The pregnacy of my deams is still making me fat, really bad and no more productive, I’m swallowin my won lies small by small, I’m turned into a regular shape, I don’t knwo how to expres it, but in dep I’m really suffering.
I’ve lost the map of joyness and got into a dark path, when looking back to my brighter childhood, I still can see that calm kid that have have been in the crowd of spiritual confidence, no matter how the world is bad, I just can see the light beyond any winter’s night.
I have started speaking with a vulgar vocabulary at 17, a little late, I’ve drunk my first glass of wine at 18, I’ve kissed a girl no earlier than the 21, and I have experienced all the unholy stuff till that, the all prohibited pleasure were in my basket …

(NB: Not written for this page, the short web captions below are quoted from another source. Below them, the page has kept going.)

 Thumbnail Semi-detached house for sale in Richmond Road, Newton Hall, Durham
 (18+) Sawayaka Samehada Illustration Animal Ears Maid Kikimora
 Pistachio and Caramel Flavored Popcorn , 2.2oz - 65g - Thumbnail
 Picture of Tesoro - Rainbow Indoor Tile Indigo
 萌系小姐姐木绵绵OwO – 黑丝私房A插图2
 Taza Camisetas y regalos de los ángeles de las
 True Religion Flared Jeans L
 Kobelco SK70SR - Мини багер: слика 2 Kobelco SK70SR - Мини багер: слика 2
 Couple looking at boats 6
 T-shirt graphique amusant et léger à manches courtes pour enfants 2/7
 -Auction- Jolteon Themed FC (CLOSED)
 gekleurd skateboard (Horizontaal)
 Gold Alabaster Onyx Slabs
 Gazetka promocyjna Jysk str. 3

I don’t know if I am wrong or not, I’m just living as I want and the most harming in all this tragedy, I’ve lost many of my skills. I don’t know how would I be afetr 5 or 10 years, I wonder if I’ll be still that kid, that kid was good, innovative and energitic and it’s not a question of a lost generation, the disease is inside me, It’s my own punishement for that rubbish, and I’m not talking about drinking or something else, I’m talking about my brain damage, this one is due to life, yes our life is shitty, pragamtic and meaningless.
The contrast of all this speech is that I’m really lucky, I have a permanent job, I’m living 10 meters to the office where I work, I love my parnets and parents who are living healthy and happy, I have many stupefuant friends, I have been one of the first bloggers of Tunisia … I don’t exactly what’s wrong with me ? Perhaps I need more my mam’s love, my two last love stories have been a ko and just made me more sick.
And finally I feel happy, yes I’m happy cause that little Karim smile is too powerfull to get off for a millions of years.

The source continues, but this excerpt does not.